For starters, Ferguson didn't want to trade Steen, whom he viewed as a player with serious promise (which he would be proven right on). And on Kaberle, aside from the fact he had just had a monster season, there was something else.
"There was an element of honoring the contract with Kaberle, which included a limited no-trade clause, which that wasn't going to kick in until July 1," said Ferguson, who said he had made a verbal promise not to trade him before it kicked in.
"That was a factor among many that kept the parties apart on a trade."

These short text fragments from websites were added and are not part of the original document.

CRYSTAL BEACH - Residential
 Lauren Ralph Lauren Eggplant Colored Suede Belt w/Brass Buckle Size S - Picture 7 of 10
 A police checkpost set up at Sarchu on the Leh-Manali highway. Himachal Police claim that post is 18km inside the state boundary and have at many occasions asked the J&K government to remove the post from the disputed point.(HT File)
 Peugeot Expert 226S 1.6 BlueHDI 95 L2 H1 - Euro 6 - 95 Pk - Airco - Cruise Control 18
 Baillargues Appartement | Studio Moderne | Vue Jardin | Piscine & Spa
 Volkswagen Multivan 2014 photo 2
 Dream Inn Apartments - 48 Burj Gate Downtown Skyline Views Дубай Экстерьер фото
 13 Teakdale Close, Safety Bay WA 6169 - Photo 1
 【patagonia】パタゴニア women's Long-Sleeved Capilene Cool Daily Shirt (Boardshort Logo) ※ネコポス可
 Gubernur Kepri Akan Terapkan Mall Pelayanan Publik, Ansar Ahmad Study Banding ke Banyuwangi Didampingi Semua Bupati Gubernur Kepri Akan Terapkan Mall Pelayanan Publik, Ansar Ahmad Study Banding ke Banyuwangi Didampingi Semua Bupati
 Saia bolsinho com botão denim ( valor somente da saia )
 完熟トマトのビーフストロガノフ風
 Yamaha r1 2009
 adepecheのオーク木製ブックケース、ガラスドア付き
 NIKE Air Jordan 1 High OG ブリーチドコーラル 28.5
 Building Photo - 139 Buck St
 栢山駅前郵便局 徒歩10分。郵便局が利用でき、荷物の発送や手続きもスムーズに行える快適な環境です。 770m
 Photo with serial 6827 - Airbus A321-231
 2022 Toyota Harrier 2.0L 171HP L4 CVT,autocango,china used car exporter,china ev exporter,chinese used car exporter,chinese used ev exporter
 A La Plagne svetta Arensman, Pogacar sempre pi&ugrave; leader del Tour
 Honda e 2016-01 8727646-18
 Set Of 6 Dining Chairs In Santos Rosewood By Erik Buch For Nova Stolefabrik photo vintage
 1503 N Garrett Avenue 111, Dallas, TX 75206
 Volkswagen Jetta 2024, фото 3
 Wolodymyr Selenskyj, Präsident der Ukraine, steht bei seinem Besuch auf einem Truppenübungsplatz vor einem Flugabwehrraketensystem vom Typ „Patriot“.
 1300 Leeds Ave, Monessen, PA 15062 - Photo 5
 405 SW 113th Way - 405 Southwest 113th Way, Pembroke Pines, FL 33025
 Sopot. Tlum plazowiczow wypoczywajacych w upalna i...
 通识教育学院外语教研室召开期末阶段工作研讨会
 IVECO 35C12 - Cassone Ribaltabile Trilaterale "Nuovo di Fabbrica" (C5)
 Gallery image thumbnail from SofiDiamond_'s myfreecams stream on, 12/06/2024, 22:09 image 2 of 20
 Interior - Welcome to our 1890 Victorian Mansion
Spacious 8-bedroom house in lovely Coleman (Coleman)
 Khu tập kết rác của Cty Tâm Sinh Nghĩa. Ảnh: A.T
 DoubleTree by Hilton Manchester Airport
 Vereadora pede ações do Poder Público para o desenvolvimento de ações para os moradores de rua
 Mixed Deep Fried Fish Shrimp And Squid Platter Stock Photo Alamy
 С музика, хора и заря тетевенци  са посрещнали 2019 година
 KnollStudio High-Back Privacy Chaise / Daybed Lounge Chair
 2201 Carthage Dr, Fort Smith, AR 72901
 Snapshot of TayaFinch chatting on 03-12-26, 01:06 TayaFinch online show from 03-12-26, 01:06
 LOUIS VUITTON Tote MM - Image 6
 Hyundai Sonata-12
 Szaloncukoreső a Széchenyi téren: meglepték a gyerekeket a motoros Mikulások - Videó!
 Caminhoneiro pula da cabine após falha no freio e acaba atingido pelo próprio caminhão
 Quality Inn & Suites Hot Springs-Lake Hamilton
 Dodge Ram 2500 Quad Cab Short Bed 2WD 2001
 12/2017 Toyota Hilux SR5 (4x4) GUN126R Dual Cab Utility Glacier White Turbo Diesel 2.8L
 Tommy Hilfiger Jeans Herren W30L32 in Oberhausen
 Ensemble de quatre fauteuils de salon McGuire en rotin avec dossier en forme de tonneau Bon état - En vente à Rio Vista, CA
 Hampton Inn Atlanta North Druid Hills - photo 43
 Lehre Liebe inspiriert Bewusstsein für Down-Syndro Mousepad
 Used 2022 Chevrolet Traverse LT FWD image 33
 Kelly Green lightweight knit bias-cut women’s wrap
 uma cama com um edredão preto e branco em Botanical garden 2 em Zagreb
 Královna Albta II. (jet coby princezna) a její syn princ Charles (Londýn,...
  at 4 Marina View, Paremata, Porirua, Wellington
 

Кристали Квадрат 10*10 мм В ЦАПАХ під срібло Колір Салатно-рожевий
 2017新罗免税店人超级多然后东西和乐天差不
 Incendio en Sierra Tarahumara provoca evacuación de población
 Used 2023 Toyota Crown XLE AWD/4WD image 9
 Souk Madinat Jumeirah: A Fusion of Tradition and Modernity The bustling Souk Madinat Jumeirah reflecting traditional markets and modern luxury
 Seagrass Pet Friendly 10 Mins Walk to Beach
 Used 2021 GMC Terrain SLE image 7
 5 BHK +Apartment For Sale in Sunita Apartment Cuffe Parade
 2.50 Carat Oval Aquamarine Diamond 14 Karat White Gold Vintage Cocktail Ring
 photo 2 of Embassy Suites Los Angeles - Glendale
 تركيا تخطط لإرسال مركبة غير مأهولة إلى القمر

In reality, the deal really never got that far down the path. But the Oilers certainly got Ferguson's attention.
"I, as much as anyone, understand the value of Chris Pronger. I was in St. Louis the entire time he was there," Ferguson said.
Pronger remembered hearing word of talks with Toronto.
"Yeah a little bit, I had heard a bit of that, what was involved in the trade. I heard they didn't want to trade Steen and then they traded him the next year," Pronger said, chuckling, on Friday.
The Leafs, with Ferguson no longer as GM, actually traded Steen two years later in November 2008, but you get Pronger's point.
As it turns out, getting traded to the Anaheim Ducks instead got Pronger the Stanley Cup ring he was missing.
"It worked out pretty good," Pronger said, smiling.
And what of fellow inductee Nicklas Lidstrom in the What If department? Holland said no team ever had the audacity to call him about the great No. 5.
But then, as he thought back, the Wings GM did remember a bit of scuttlebutt back before Lidstrom became a superstar.
"I can remember when [Eric] Lindros was traded [in June 1992], Quebec was trying to get us in the mix and they wanted Lidstrom as part of a package," Holland said. "We had no interest though."
That was news to Lidstrom on Friday.
"I never heard that story," Lidstrom said. "I know when I was drafted [in 1989] and before I came over, I heard my name in some trade rumors but no, I never heard that story before."
Well, Hall of Fame weekend is indeed about telling stories.